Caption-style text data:

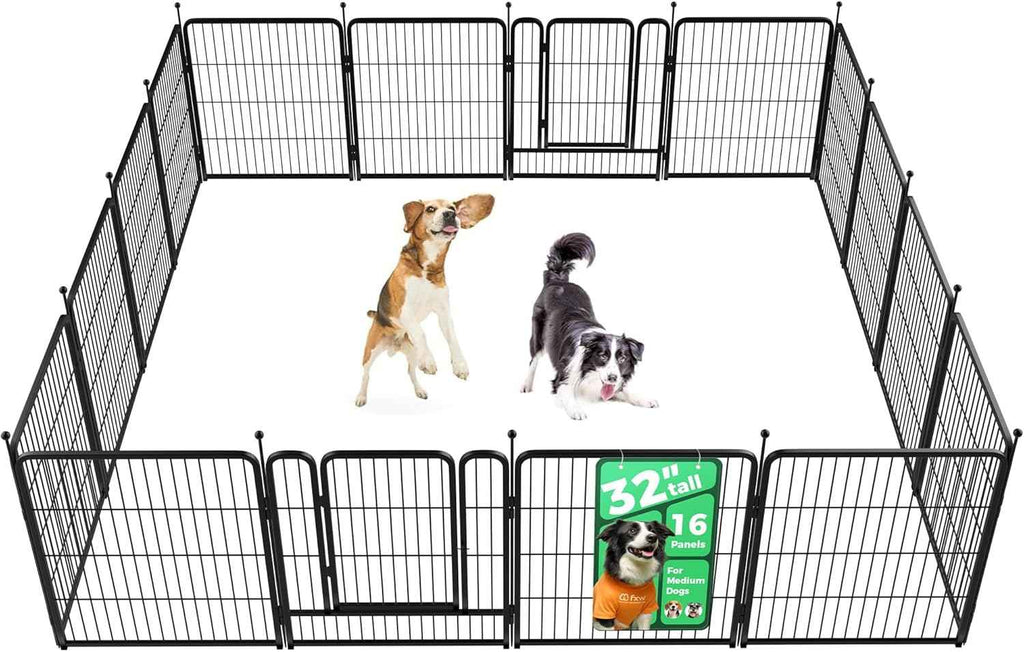 FXW Rollick Unleashed Dog Playpen for Indoor, Yard, RV Camping, 24 inch 8 Panels for Small and Puppy Dogs, Black│Patented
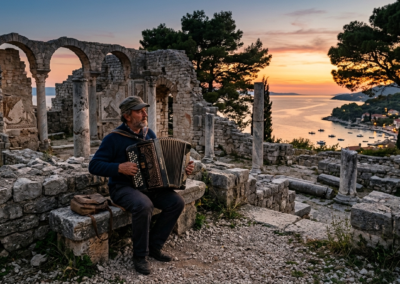Harmonikás est a Fulfinum-Mirine régészeti lelőhelyen, Omišalj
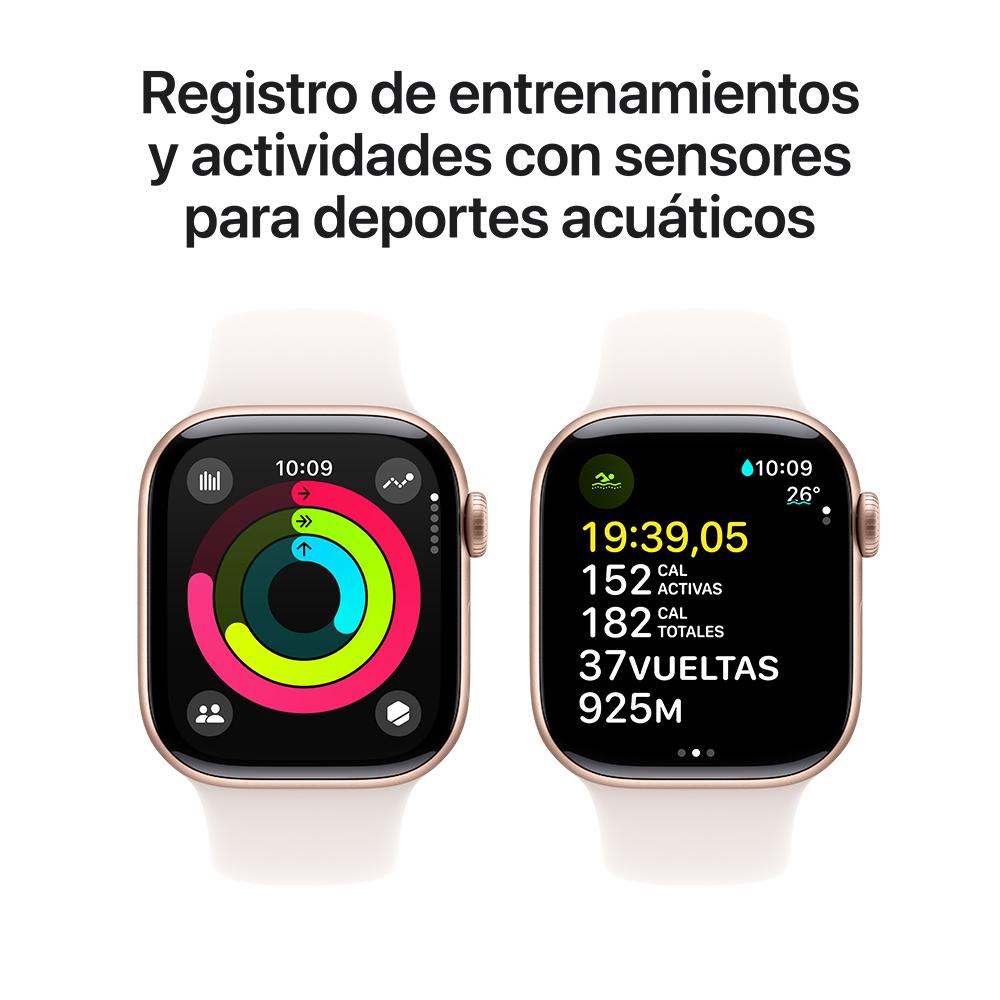 Apple Watch Series 10 GPS • Caja de aluminio color oro rosa de 42 mm • Correa deportiva rosa rubor - M/L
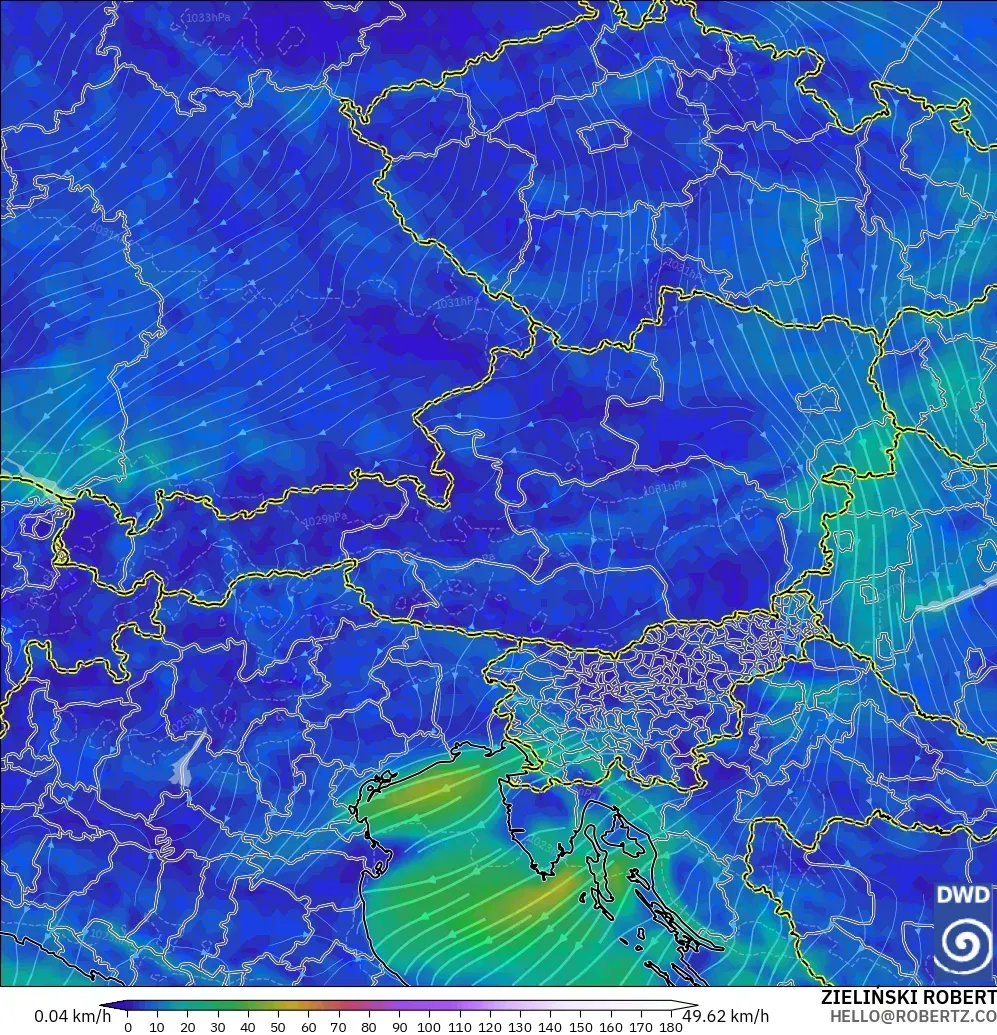 ICON model - Austria, Wind at 10m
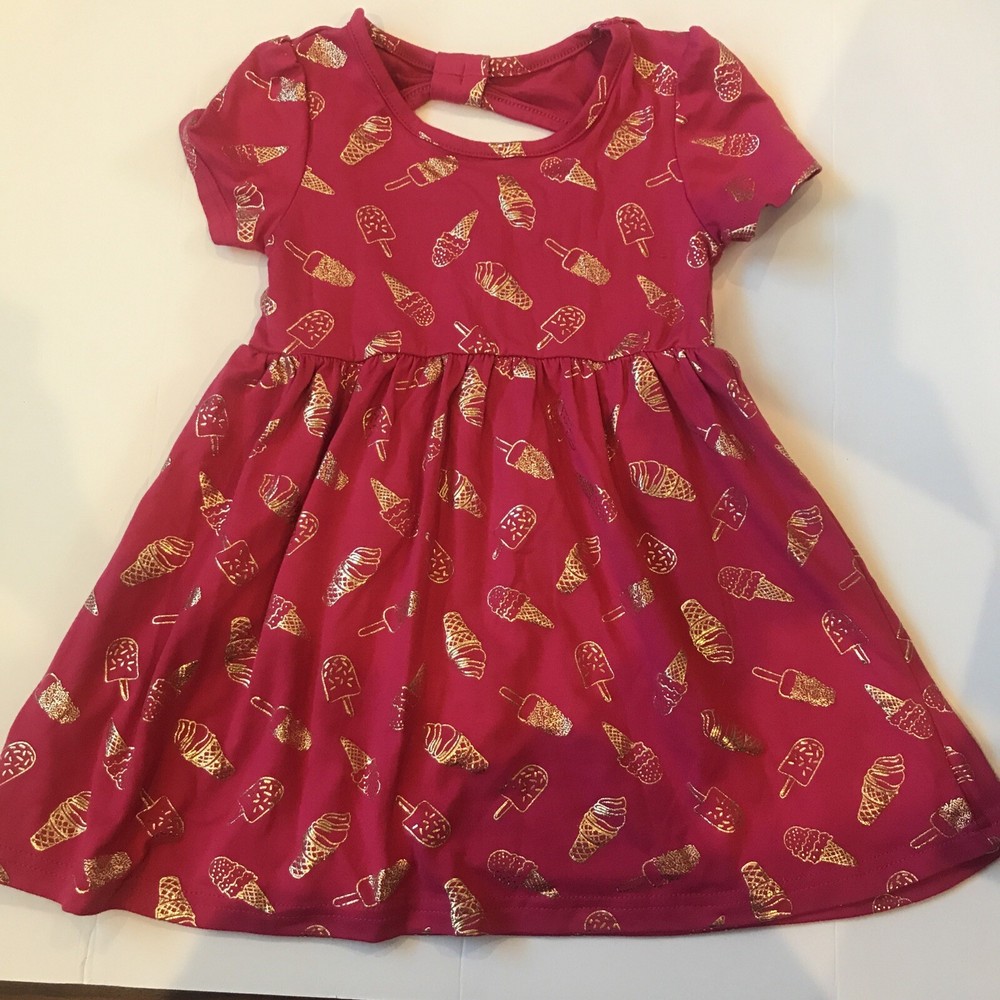 Pink Flip Flop Dress for Girls Size 3T by Members Mark-image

**About this task:** No pictures belong in the output. It should reproduce exactly the lines from the one containing "Apple Watch Series" through the end of the data, both ends included.

**Response to this task:**
 Apple Watch Series 10 GPS • Caja de aluminio color oro rosa de 42 mm • Correa deportiva rosa rubor - M/L
 ICON model - Austria, Wind at 10m
 Pink Flip Flop Dress for Girls Size 3T by Members Mark-image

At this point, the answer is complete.